The head of New Aswan City’s development, Mostafa Said, announced Saturday evening the construction of more than 4,000 residential units in the city.
This falls within the parameters and funding mechanisms established by Egypt’s Social Housing Programme, an initiative that planned to offer 1m homes for low-income individuals and families but has been forestalled since its inception in 2011.
Construction on 640 units has already been completed, according to a statement issued by the Ministry of Housing.
The Social Housing Programme is sometimes referred to as the One Million units project, and is different from the One Million Residential Unites overseen by UAE-based Arabtec, which was announced in March 2014 and plans to develop 1m units of housing on 160m square meters of land with investment from the private sector of $40 bn (EGP 280bn).
The announcement continues attention upon a project that has continually fallen below initial expectations since it was announced during the 25 January Revolution by Hosni Mubarak’s final housing minister, Ahmed Al-Maghrabi.
The programme was seen as a palliative measure at the time, as application was widely encouraged without provision of the conditions under which applications would be considered. In a study issued in December 2014, the Egyptian Initiative for Personal Rights (EIPR) stated that the Egyptian state had handed over only 57 residential units to citizens and had only allocated 11% of projected target in fiscal years (FY) 2012/13 and 2013/14.
The programme’s largest issuance of housing units came in July when the Ministry of Housing announced the construction of 30,000 residential units in nine cities.
The Social Housing Programme: a brief history
The programme’s history has been mired in disappointment, as budgetary shortfalls coupled with the political vacillations and the concomitant signatory projects that attend governmental changes have cultivated a climate in which political vision outpaces the infrastructural and financial capacity.
Following the ouster of Hosni Mubarak, the post-25 January Revolution government announced the project’s implementation in July 2012. Construction was projected to last five years, from fiscal year (FY) 2012/2013 to FY 2016/2017, with an average of 200,000 units expected to be constructed each year.
The number of applications had exceeded 6m requests in August 2011, the government said at that time, closing the application phase.

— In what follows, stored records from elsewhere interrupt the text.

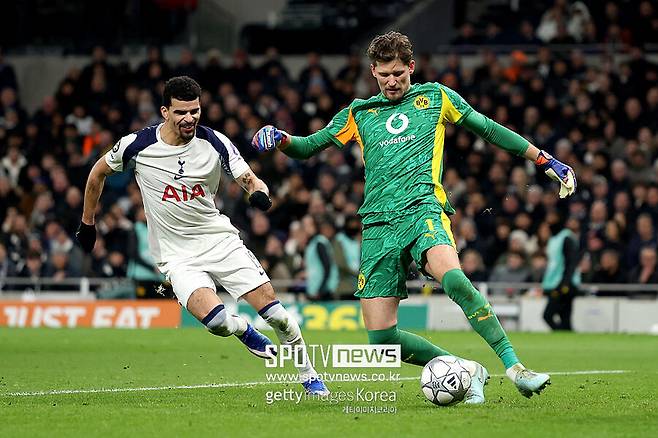 [UCL REVIEW] 손흥민 양봉업자 찾았다 → 프랭크 감독 즉시 경질 모면…토트넘 위기 탈출, 도르트문트에 2-0 승리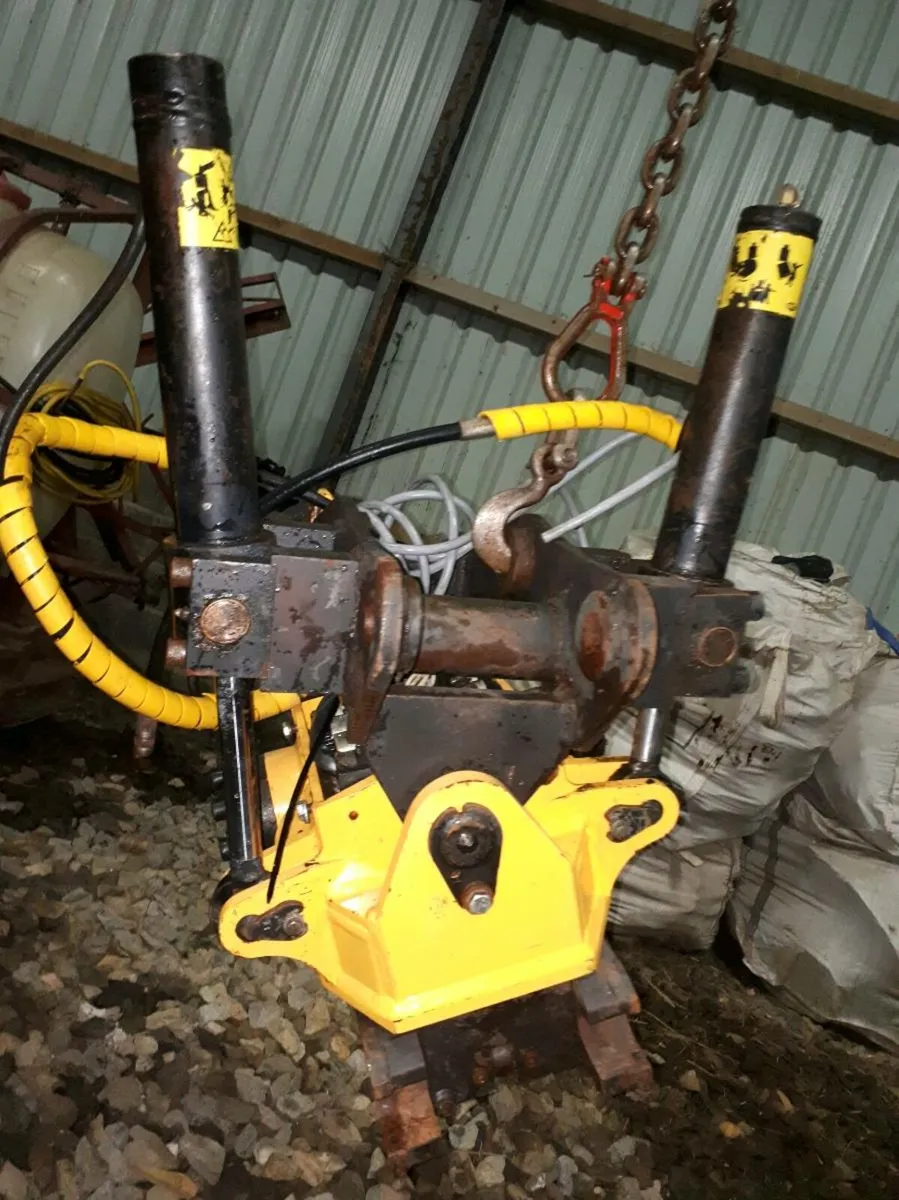 Engcon tilt rotator - Image 2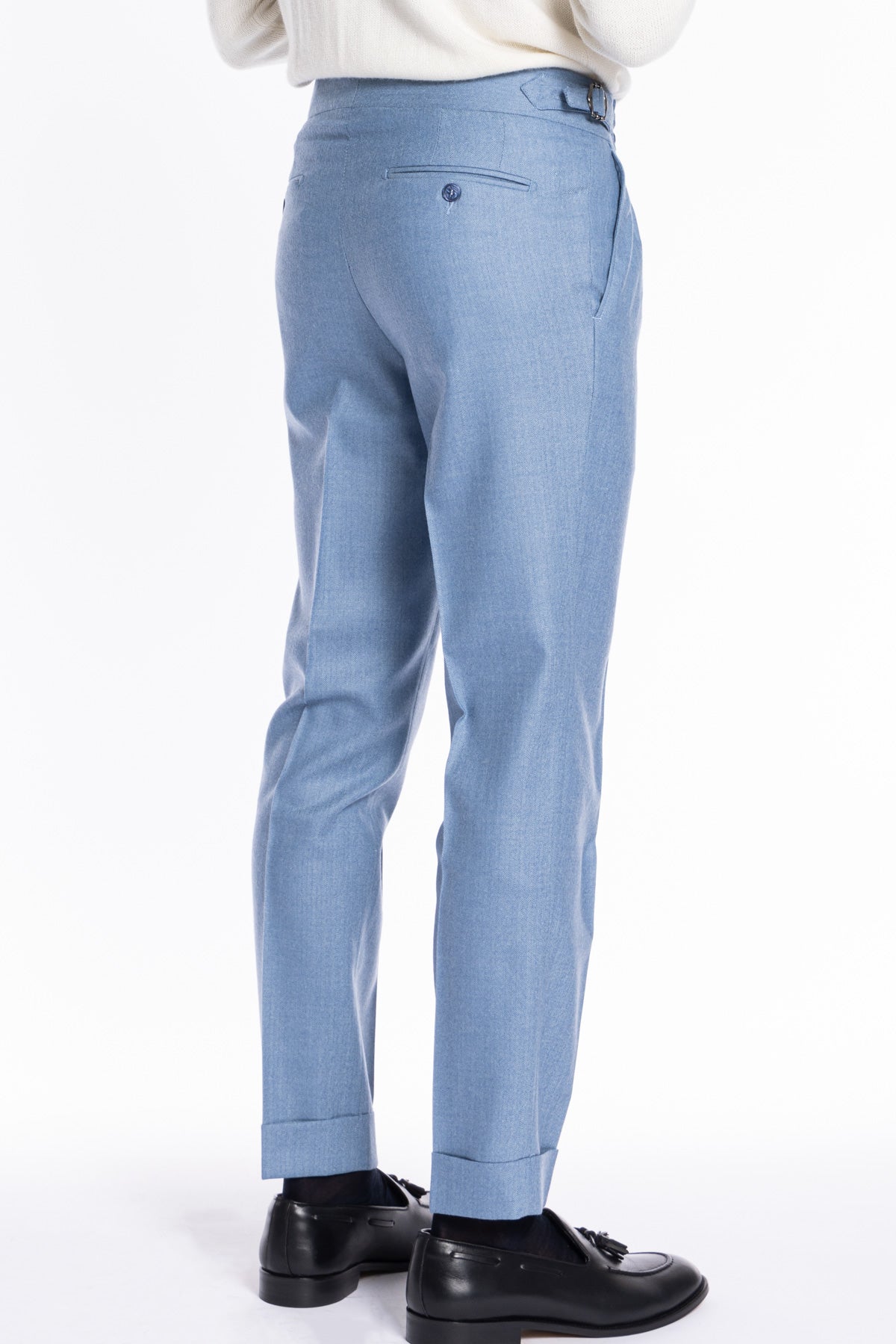 Pantalone uomo celeste spigato vita alta tasca america in lana flanella Holland & Sherry con doppia pinces e fibbie laterali regolabili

However, at the end of September 2015, only 34,491 units in 23 governorates have been fully implemented under the parameters established by the Social Housing Programme.
Approximately 2,472 units have been implemented in Cairo; 6,192 in Alexandria; 4,680 in Assiut; 3,000 units in Suez; and 2,484 units in Beheira. Every unit consists of three rooms, a hall, one bathroom, and one kitchen and has an area of 90 square metres.
The Supreme Council of the Armed Forces (SCAF) directly supported the project after its announcement, as the Engineering Corps had built the first phase, consisting of 160,000 units in 2012.
The budget allocation for the project in the FY 2014/2015 state budget amounts to EGP 9.5bn in total.
The minimum age of applicants was amended to 21 years of age, having previously been placed at 45 years of age. Other restrictions also outline that the monthly income of families should be no more than EGP 3,000, and EGP 1,200 for individuals.
In November 2014, the Social Housing Fund was established, under the Ministry of Housing, and is responsible for imposing the general policies of constructing and managing the units. It will also be responsible for financing the project from the budget allocations and sales revenues.